The strategic approach to developing Launch America was three prong: bring 60 years worth of NASA’s past achievements back into relevance through a cohesive branding exercise, firmly situate NASA in the present moment through an updated, modernized, and modular broadcast and social media package; and re-position NASA as a leader for future missions by developing broad awareness of the Commercial Crew and Artemis Programs and through targeted media engagements and collaborative strategic partnerships.

Launch America was positioned as a viewing experience that carried the weight and importance of national news programming with the enjoyment and participatory feel of a broadcast spectator sporting event.

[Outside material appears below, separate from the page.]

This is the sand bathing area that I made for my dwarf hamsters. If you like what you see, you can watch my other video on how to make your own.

The modernized broadcast was designed as a co-production between partners, with both NASA Administrator Jim Bridenstine and SpaceX CEO Elon Musk representing the entities front and center across multi-day events. Press conferences, interviews and broadcast coverage kept an upbeat, enthusiastic tone & engaged audiences and stakeholders openly.

Strategy

Very few projects can claim a serious target audience of the entire planet, however this one did. NASA had not launched American astronauts into orbit to the International Space Station from the US in almost a decade, so it was critical to reach a broad cross-generational American audience while at the same time narrowly focus on the political stakeholders who determine the course of the space program's future. ?

Contrastly, missions to the ISS carry global significance and set the stage for a coalition of delicate partnerships between countries which underscore the spirit of what the International Space Station represents to humanity.?

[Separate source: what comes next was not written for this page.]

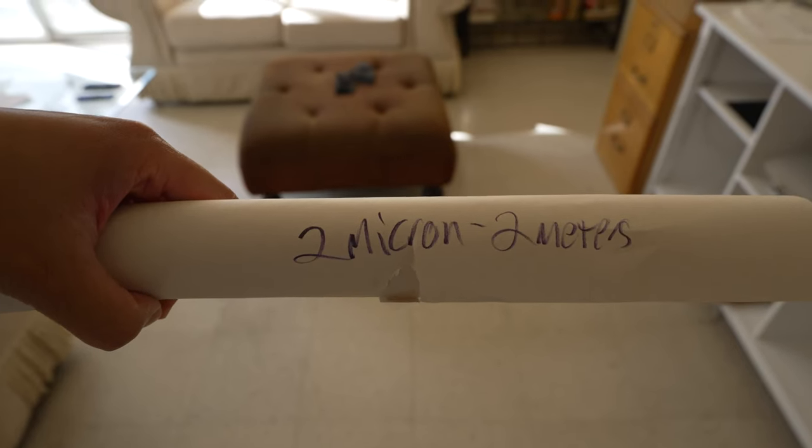Micron Wings sells thin 2-micron mylar plastic membranes, which I'm pretty sure are the same kind of membranes that Stax uses for the actual electrostatic diaphragm and also the dust covers on either side of the diaphragm. I had just received the replacement membrane that morning, so I proceeded to do basically surgery on my Lambda Nova Signatures.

We worked to create a media plan that walked a delicate balancing act of speaking to broad national and global audiences and at the same time specifically targeted individuals and organizations such as elected officials, other Space Agencies, & various Commercial Crew Partners.

Execution

Beginning with development of a tone and brand voice that spoke to a global audience and reached beyond social, political and cultural barriers was key to creating an inclusive, participatory identity. Careful attention was paid to honoring historic international achievements that alluded to the United States, but avoided heavy-handed patriotism.

Within sixty days, a cohesive visual identity and structured narrative was assembled that included branding, video, motion graphics, branding, social media and print assets, wardrobe, and on-site projection graphics as well as a 100-ft banner that not only holistically told the story of NASA accomplishments but positioned them as some of humanity's greatest achievements.

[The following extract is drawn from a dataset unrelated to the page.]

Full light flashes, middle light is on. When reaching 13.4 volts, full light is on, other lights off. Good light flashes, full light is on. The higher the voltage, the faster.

The approach was distributed across the widest possible channel strategy, pushing into new-to-NASA media landscapes (Twitter Moments, Facebook Live, YouTube Live, Instagram stories, apps, etc). Additionally, measured media outreach and public relations planning was implemented to build consensus amongst important stakeholders and broaden potential outreach.

Outcome

The most-watched event NASA has ever tracked, with 198 million views on YouTube alone, and an unprecedented reach score of over 54 BILLION. Notably, this was achieved through 100% earned media (with estimated paid media value of $621million).

The campaign saw 547k mentions on social, 29k published news stories, 1850 news stories from top media outlets, 68 newspaper front pages, 12.3 million social shares, 1.1 million new NASA email newsletter subscribers, and 4 million new social media followers across NASA accounts. In addition, over 250 members of Congress offered messages of support.

Owing to massive public sentiment, reach and engagement, the campaign’s success is an anomaly rather than a norm: the Artemis program is the single area of the preceding Presidential Administration’s policy endorsed by the Biden Administration, the first major deep-space human exploration effort with funding to survive a change in U.S. presidents since the Apollo Program.